To the extent that the Employer raises the notion that the AMWU may not be meeting the good faith bargaining requirements of the Act,[10] this has not been made out. In any event, I have taken into account the concerns that are directly relevant to the determination of the present matter, where supported by any evidence.[11] In that regard, I observe that there is no requirement that the bargaining be exhausted before an application of this kind is made. Further, a PABO application does not stop the bargaining and the good faith bargaining obligations remain.
I would be open to the suggestion that progress in bargaining for a new enterprise agreement in this matter remains possible without recourse to protected industrial action. However, this is not the test for a PABO to be issued and protected industrial action as part of bargaining, provided that the various statutory requirements have been met, is part of the scheme of the Act.
I find that the AMWU has met the requirements of s.443(1)(b) of the Act.
The Employer also referred to the General Protections in Part 3-1 of the Act but subsequently acknowledged that any industrial action taken in accordance with a successful PABO ballot would be protected by the PABO. Further, the employer’s reference to the misrepresentation provisions in Part 3-1 of the Act have not been demonstrated and are not presently relevant.

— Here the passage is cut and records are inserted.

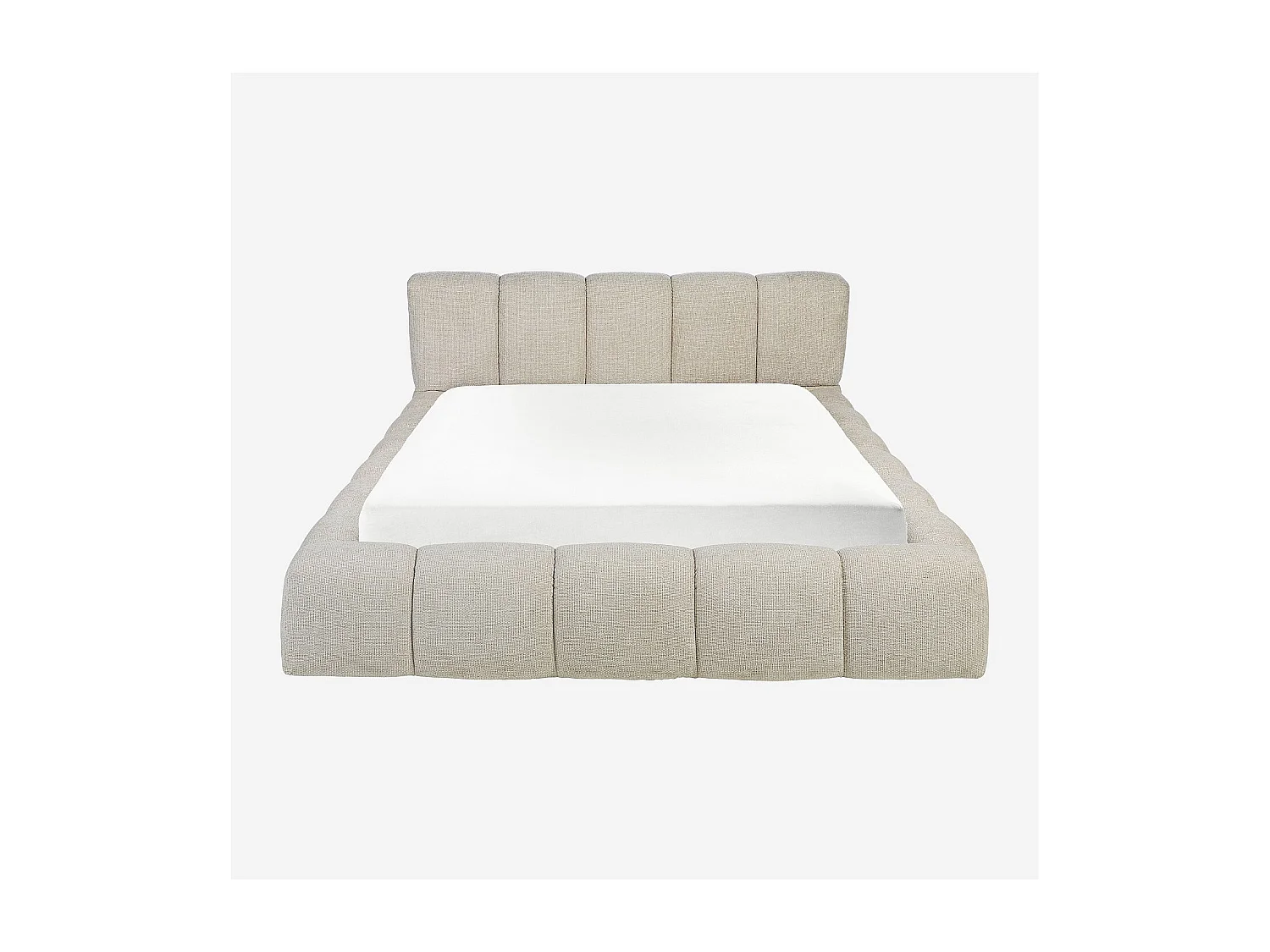 Lit coffre 160 x 200 cm en tissu chenille - Crème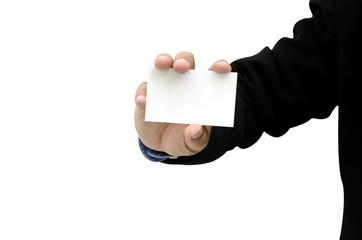 Close up business man holding bank business cards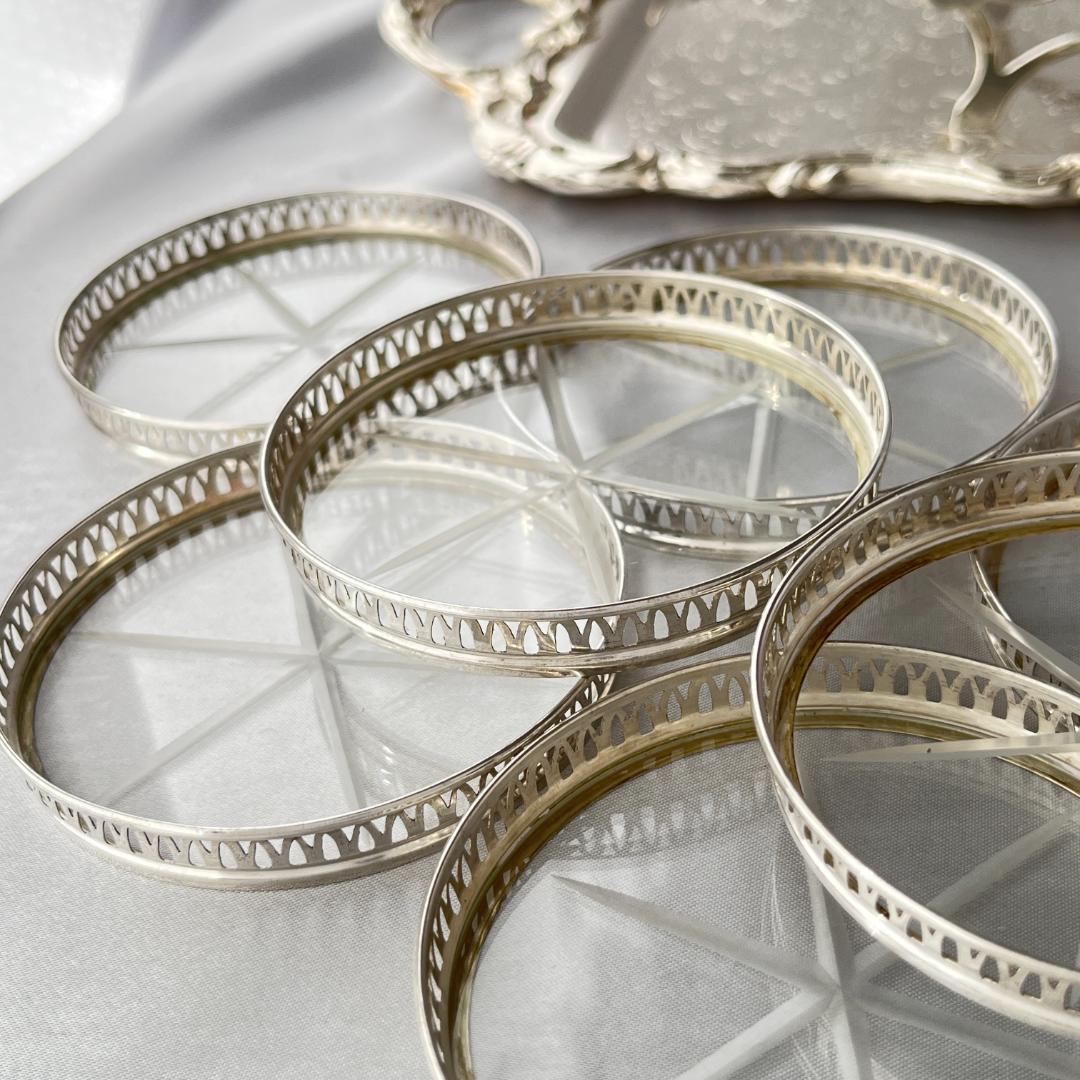 【純銀/ガラス】ワイングラスコースター 8枚 / ホルダー スターリング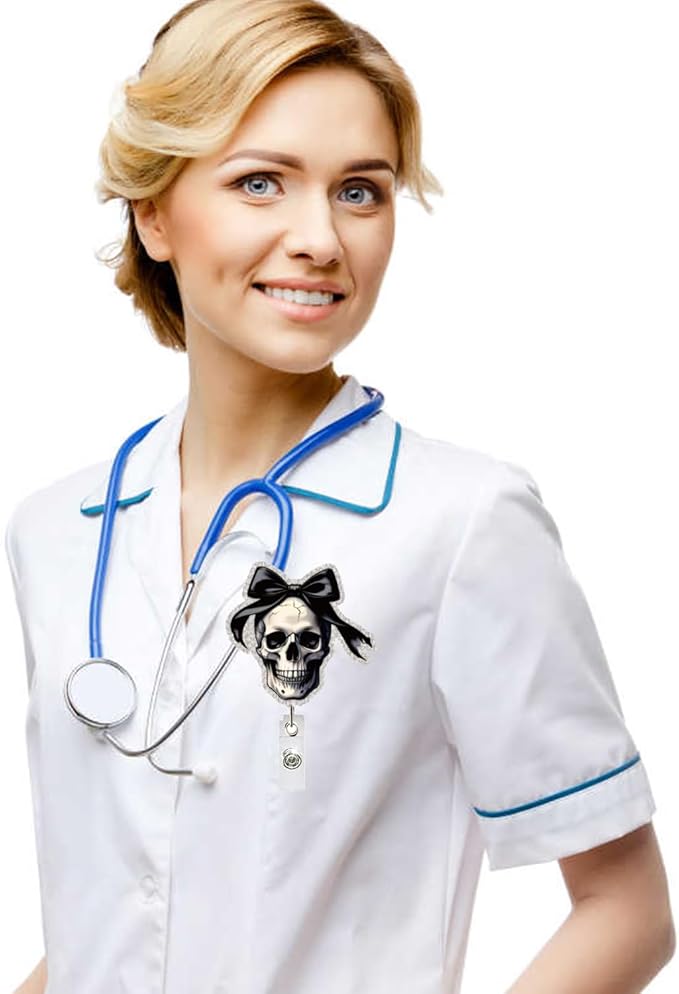 Halloween Skull Badge Reel Retractable for Nurse Nursing Student Medical Worker & Office Staff Acrylic Alligator Clip Badge Reel Halloween Skeleton with Bow ID Card Badge Holder Gifts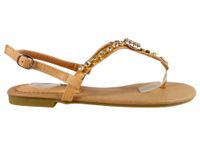 Beżowe sandały z cyrkoniami płaskie buty damskie 36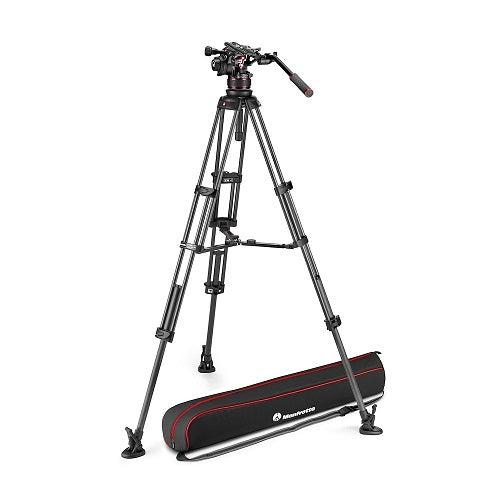 Manfrotto Nitrotech 612 Video Head with Carbon Twin Tripod with Mid Spreader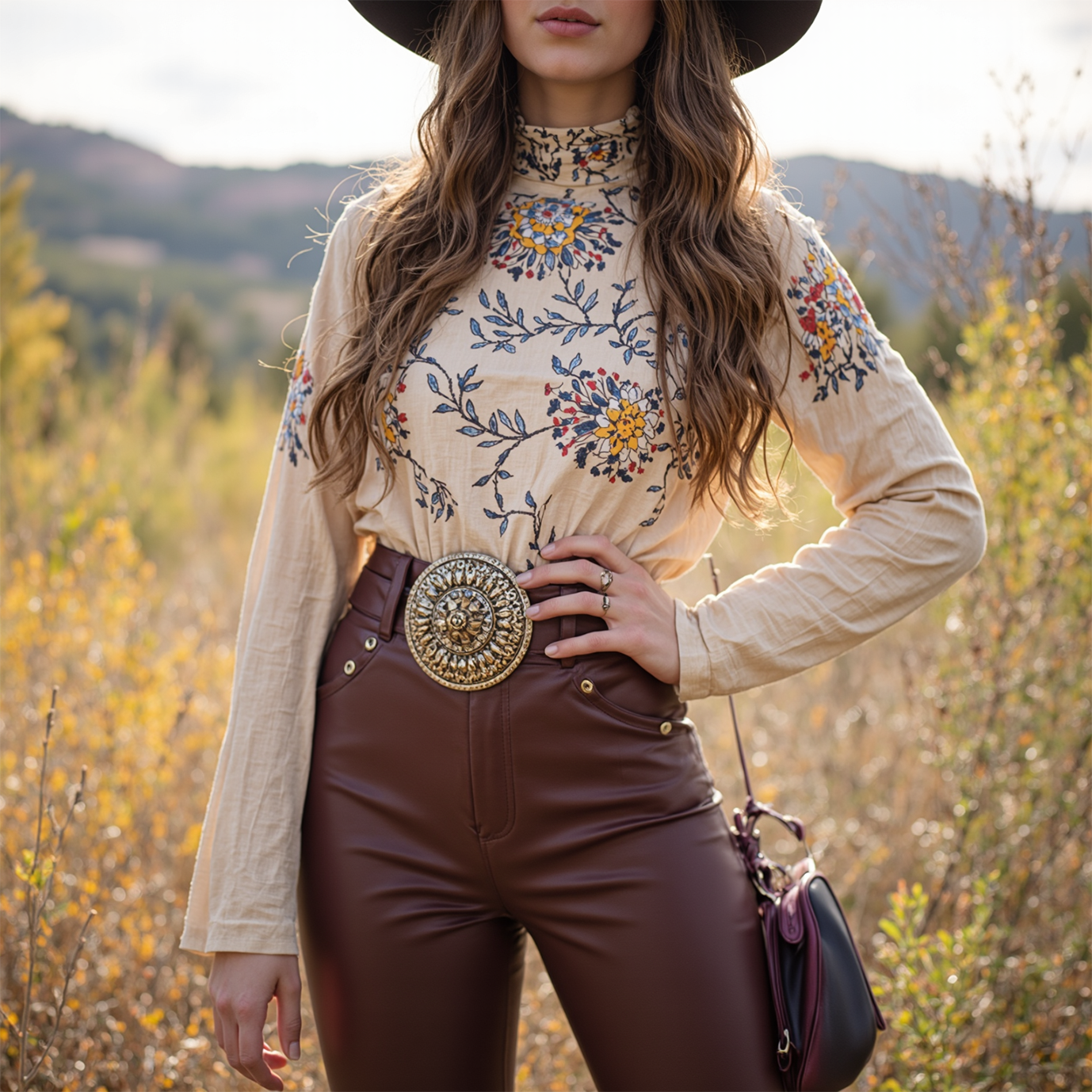 Women's Bohemian Floral Embroidered Top With Leather Belt And Pants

On the basis of the material before me, including the declaration of John Stewart, Organiser, setting out the steps taken by the AMWU in bargaining with the Employer and that it has been, and is, genuinely trying to reach agreement with Resero, I am satisfied that there is a notification time in relation to the proposed agreement and that all of the requirements in s.443(1) of the Act have been met. This includes those not in contest and not expressly dealt with in this decision. On that basis, and given that s.443(2) does not apply, I was obliged by the Act to issue the Order.
The ballot is to be conducted by Democratic Outcomes Pty Ltd (CiVS). CiVS has been approved as an eligible protected action ballot agent under s.468A of the Act and consequently is authorised to conduct the ballot.
For the purposes of s.443(3)(c) of the Act, the Commission has determined that the date by which voting is to close is 19 December 2024.[12] This also establishes the ballot period for the purpose of s.448A(2) of the Act.
An Order has been separately issued in PR782075.
This matter will be assigned to another Member of the Commission to conduct the s.448A compulsory conciliation conference. That Member will issue an Order requiring the attendance of all bargaining representatives in the proposed enterprise agreement at the conference. It is likely that Directions will also be issued to ensure that the parties attend the conference ready to conduct meaningful negotiations.
DEPUTY PRESIDENT
[1] Resero advised that it may be inclined to seek a hearing but, in effect, only if this was sought by the Commission.
[2] [2015] FWCFB 210.
[3] Ibid at [18].
[4] Ibid at [34] - drawing upon Total Marine Services Pty Ltd v The Maritime Union of Australia[2009] FWAFB 368 (Total Marine).
[5] Ibid at [57].
[6] Ibid at [35] - but qualifying a further statement made in Total Marine.
[7] Ibid at [54].
[8] J.J. Richards & Sons Pty Ltd v Transport Workers’ Union of Australia[2010] FWAFB 9963 at [89] and Kuiper at [26] to [30].
[9] [2024] FWCFB 378.
[10] Section 228 of the Act.
[11] Noting that the two concepts are related but should not be conflated.
[12] This is, in effect, 10 working days from the making of the Order and was the period sought in the application.